The leader election is taken care of by Zookeeper.
Let’s say for Topic A Partition 1 – Broker 1 is the leader and Broker 2 is the ISR. When Broker 1, the leader goes down, then Zookeeper will take care of performing the leader election and make the ISR the temporary leader. When Broker 1 comes up, it will automatically take up the leader position. We don’t need to care about these things; all are taken care of internally by Kafka 🙂
So, what is Zookeeper now?
It is another software developed by Apache that acts as a centralized service to manage the distributed Kafka systems.
Kafka and Zookeeper are life partners 😉 Kafka cannot work without Zookeeper.
Managing distributed Kafka brokers
– Zookeeper keeps a list of brokers in the Kafka cluster.
– As we saw before, Zookeeper helps in performing leader election for partitions.
– Whenever a new topic created, topic deleted, broker dies or comes up, Zookeeper tells Kafka about it.
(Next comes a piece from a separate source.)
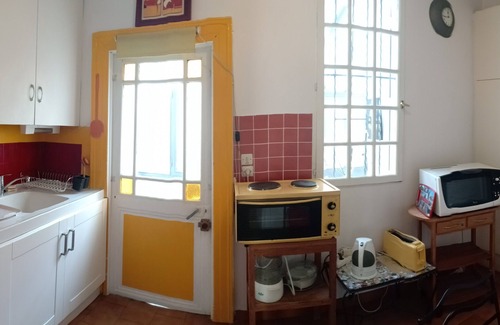 Gares Apartment | Spacious and bright apartment, large terrace, near StRoch main station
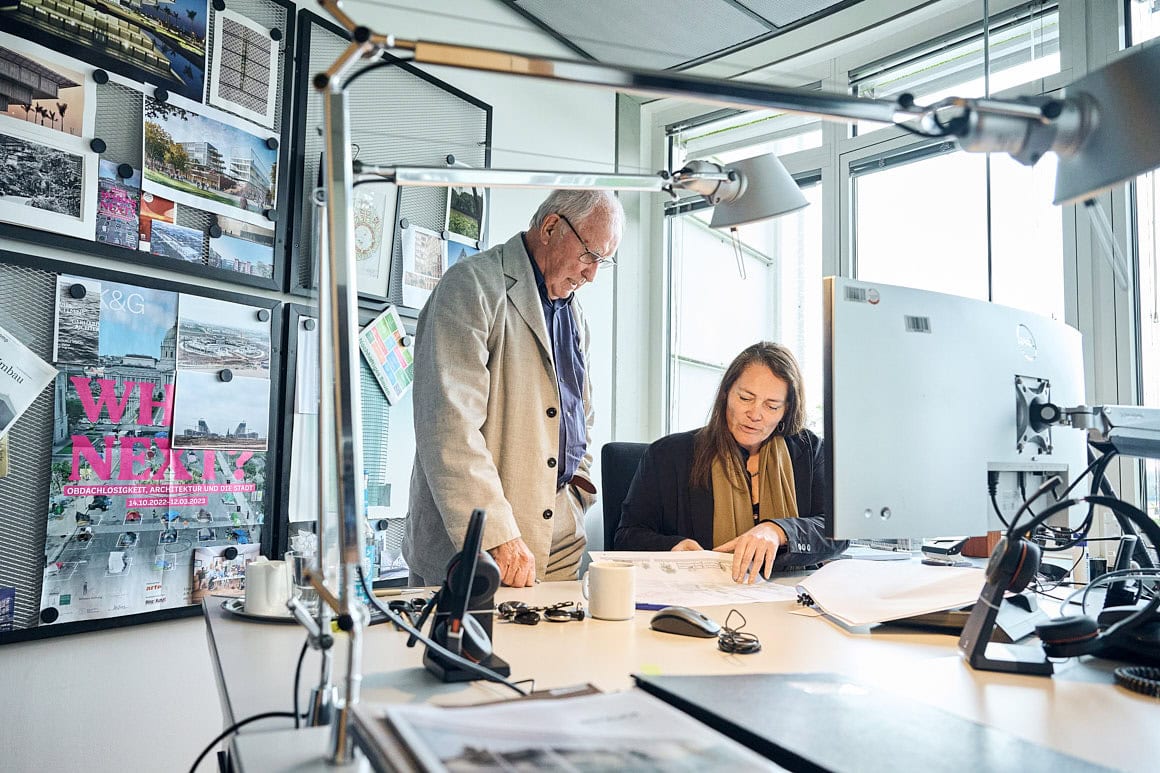 Saskia Uppenkamp | Stills & Motion Corporate Publishing, Editorial, GMP, Businessportrait, Unternehmensfotografie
Zookeeper also have their cluster with a leader and followers.
Zookeeper cluster connects to Kafka cluster!
Okay, now final two theory topics
Producers and Consumers
What is a Producer in Kafka?
– Producer writes data to topics.
– Producers connect to a single Kafka broker and then using broker discovery they automatically know to which broker and partition they need to write data to
– Producer can choose to receive acknowledgement for data writes.
There are three possible ways of data acknowledgement.
a. Acks = 0 – Producer do not wait for acknowledgement. This can lead to possible data loss, because at the time of message sending, if the broker is down, broker won’t know about it!!
b. Acks = 1 – Producer waits for leader acknowledgement. This can limit data loss, because at the time of message sending the ISRs can be down and hence the message cannot be synced.
c. Acks = all – Producer waits for leader + ISRs acknowledgement. No data loss.
What is a consumer in Kafka?
– Consumer reads data from topics.
– Consumers connect to a single Kafka broker and then using broker discovery they automatically know to which broker and partition they need to read data.
– Data is always read from Partitions in order.

Okay, now a question. Does consumer map one on one with Consuming application?
NO. There is another term called Consumer groups.
Consumers read data in consumer groups
Let’s say there is a topic A with two partitions. There are two consuming applications that are interested in the messages in topic A.
Each consuming application forms a consumer group.

You see above that each consumer from a consumer group reads from specific partitions.
If consumers are greater than the no of partitions then the consumer can be inactive.
Again assigning a consumer to partitions is taken care internally by Kafka and we don’t need to worry about it.
We saw that Kafka messages are ordered in offsets in a partitions.
Say a consumer reads the message from a partition 0 till offset 5. Now the consumer is taken down for maintenance purposes. When the consumer comes back live, from where it should read the message. The ideal situation will be, consumers should read after offset 5.
What is consumer offsets?
– Kafka internally stores the offsets at which the consumer group is reading.
– The offsets are committed in a Kafka topic _consumer_offsets.
– Whenever a consumer in a group processes the data, then it should commit the offsets.
Consumers can choose when to commit the offsets.
There are three delivery semantics
a. At most once – Offsets are committed as soon as the message is read. If the message processing goes wrong, then it is lost forever and never read again.
b. At least once – this is the preferred approach. Offsets are committed only when the message is processed.
Note: Make sure you use idempotent syntax in processing, because there is a chance of duplicate message (or processing same message twice)
c. Exactly once – This is applicable only for Kafka to Kafka workflows using Kafka streams API.
Finally we are at the end of Kafka theory topics.
I know it may be heavy initially, but please read about it and understand the theoretical concepts well before jumping into tutorials. There are a lot of good articles surfing around, do browse and understand the concepts fully.